Sérieux, prenez un biscuit les tech bros
« Dans le monde des tech bros – qui recoupe celui du prosélytisme sur la masculinité toxique, mais pas toujours de manière évidente – le jeûne est souvent présenté comme une technologie de pointe, observe Zoe Williams. Le "bio hacking" est un néologisme, mais le comportement est aussi vieux que le temps lui-même. Autrefois, il s'agissait d'un jeune moine, manifestant sa proximité singulière avec Dieu à travers un renoncement purificateur. Il s’agit désormais d’un jeune libertaire fondamentaliste, prouvant son autonomie masculine en se coupant des besoins les plus élémentaires. » Loin de nous l'idée d'inviter les Andrew Tate de ce monde à revoir leur rapport à la nourriture, qu'ils espèrent la plus fonctionnelle possible. Nul doute qu'à leurs yeux, un bon sachet de Huel, triste poudre grise censée fournir « tous les glucides, protéines, fibres, matières grasses et 26 vitamines et minéraux dont vous avez besoin » constitue le repas idéal. Comprenez-le : les tech bros aux tendances mascu et leurs cousins fanas de hustle culture n'ont pas de temps à perdre à table.

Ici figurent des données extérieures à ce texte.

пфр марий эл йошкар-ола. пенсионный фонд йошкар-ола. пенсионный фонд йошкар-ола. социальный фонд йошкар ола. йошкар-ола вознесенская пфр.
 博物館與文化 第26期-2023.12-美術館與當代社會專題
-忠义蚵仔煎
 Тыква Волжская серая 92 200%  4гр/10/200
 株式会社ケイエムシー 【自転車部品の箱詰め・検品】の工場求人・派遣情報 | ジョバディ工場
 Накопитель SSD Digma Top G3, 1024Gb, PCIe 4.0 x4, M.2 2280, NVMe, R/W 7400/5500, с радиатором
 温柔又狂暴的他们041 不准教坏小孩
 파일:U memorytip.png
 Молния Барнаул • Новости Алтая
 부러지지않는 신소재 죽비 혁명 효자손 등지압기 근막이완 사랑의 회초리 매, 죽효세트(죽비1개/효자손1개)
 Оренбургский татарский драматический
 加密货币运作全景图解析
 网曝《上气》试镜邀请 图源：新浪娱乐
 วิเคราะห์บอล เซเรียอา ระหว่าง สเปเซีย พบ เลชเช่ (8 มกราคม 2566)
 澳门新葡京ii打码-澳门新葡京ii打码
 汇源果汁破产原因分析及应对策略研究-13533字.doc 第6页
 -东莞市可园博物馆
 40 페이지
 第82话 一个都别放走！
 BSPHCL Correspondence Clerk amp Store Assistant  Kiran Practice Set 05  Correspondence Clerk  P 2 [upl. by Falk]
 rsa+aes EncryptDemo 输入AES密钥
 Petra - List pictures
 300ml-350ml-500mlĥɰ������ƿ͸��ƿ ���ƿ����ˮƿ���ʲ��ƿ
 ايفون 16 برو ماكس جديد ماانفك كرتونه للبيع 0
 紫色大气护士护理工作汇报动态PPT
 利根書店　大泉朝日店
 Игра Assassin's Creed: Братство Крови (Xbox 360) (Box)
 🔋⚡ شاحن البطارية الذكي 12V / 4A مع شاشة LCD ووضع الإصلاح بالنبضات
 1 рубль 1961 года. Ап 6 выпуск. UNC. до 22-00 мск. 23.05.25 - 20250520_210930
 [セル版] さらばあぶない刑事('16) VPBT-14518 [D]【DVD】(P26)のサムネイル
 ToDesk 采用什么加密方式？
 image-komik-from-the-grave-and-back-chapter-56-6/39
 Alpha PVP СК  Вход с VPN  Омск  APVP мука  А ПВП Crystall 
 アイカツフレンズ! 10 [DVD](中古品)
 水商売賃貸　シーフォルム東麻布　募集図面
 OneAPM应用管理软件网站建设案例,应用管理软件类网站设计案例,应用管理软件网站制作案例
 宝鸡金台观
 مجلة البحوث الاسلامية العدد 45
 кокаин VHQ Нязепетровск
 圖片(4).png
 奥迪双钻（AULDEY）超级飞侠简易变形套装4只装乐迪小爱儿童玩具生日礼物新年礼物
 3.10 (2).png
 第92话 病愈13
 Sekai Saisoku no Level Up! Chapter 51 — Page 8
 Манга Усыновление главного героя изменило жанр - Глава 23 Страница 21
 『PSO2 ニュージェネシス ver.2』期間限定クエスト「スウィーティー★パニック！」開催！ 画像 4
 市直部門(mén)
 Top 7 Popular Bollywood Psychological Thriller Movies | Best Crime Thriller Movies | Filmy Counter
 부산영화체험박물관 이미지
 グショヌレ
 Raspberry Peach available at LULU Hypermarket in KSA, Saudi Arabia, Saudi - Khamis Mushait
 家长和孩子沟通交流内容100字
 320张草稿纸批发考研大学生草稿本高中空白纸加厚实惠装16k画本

Ils ont des priorités plus sérieuses à satisfaire : compter des NFT, soulever de la fonte, harceler les femmes et lire Nietzsche en diagonale. « Tout ce que j’observe, c’est que si ce dégoût performatif de la nourriture et de l’appétit venait de la sphère bien-être – ou pour le dire autrement, s’il venait d’une femme – tout le monde dirait qu’elle souffre d’un trouble alimentaire », conclut la journaliste.